Discouraging blanket strategies
Socially oriented services on the Internet allow their often diverse userbase to share content. These masses of users and shared content are also varied enough to discourage individual attention. Controllers prefer to protect themselves from additional complexity and investment into features which provide them with less data. Users, however, feel in need of privacy settings to distinguish their personal risk appetite from that of the norm. They each have their own ideas about the sensitivities of their information, which makes sufficient controls difficult to implement.
Overly simplified privacy settings following all or nothing strategies could result in over-exposure, self-censoring, and unsatisfied users.
These all or nothing strategies could refer to privacy settings which holistically apply to all content, or to binary (or otherwise deficient) choices for public visibility.
- The level of invasiveness depends upon the context of the content being shared.
- Users have differing levels of sensitivity attributed to contexts, and thus different levels to provide their content.
- They trust the controller to different extents.
- Controllers do not want to violate user privacy.
- They want to protect themselves from blame if a user's privacy is violated.
- They want users to produce content which is at least somewhat valuable. (For instance, when nobody can see the content there won’t be an impact in collaborative environments)

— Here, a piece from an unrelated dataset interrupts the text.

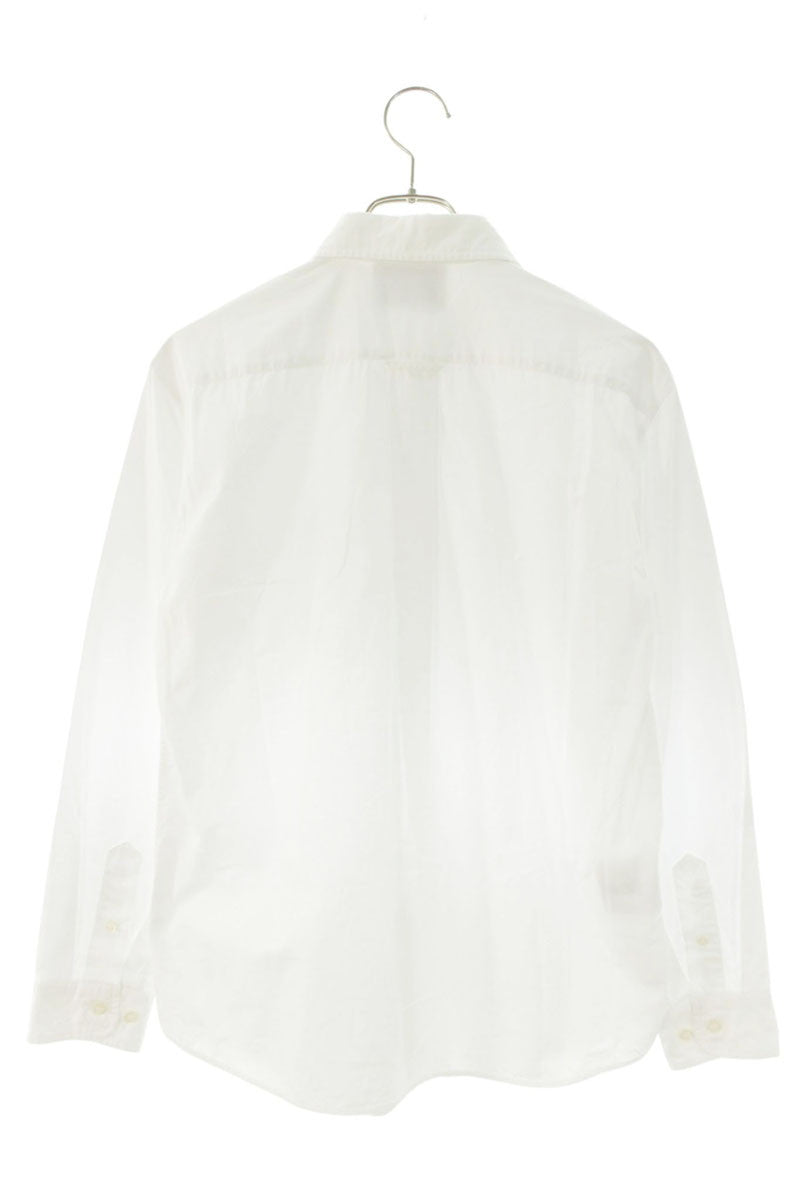 Miu Miu White Logo Poplin Long Sleeve Shirt Size 38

Provide users with the possibility to define a privacy level for content being shared with the controller, or with other users. Give them a range of visibilities, so that they can decide the access-level of the content being shared according to different users, or service-defined groups.
Provide users easily-recognizable visual elements to define the privacy level for each content submission. Use controls, such as (drop-down) lists, combo boxes, etc. to provide a range of possible privacy levels.
The privacy levels could be defined in terms of social group of the users in question to the user who is sharing content. For instance, family, closest friends, colleagues, acquaintances, everybody. This is in line with Reasonable Level of Control and Selective Access Control, where a user might be given the opportunity to define their own groups or set individual privacy levels.
The privacy controls themselves also need to be designed in such a way that it is very clear to users what each setting does and what it means for their privacy.
- Grants users complete control over the privacy of the content being shared, which may lower the bar for them to share certain data they otherwise would not.
- Users could find having to set privacy settings every time they share content to be tedious. It would be necessary to define reasonable defaults for privacy settings (least effort for minimal sharing).
- Google Plus.
This pattern may be used by Support Selective Disclosure, as it makes up a foundation for a compound pattern. Discouraging blanket strategies may also be complemented by Selective Access Control and by Decoupling [content] and location information visibility. These patterns support each other to provide more flexible privacy setting management to users.
Discouraging blanket strategies complements Reasonable Level of Control, which features selective and granular sharing and may consider a range of options. These methods complement each other where considering this range.
S. Ahern, D. Eckles, N. Good, S. King, M. Naaman, and R. Nair, “Over-Exposed ? Privacy Patterns and Considerations in Online and Mobile Photo Sharing,” CHI ’07, pp. 357–366, 2007.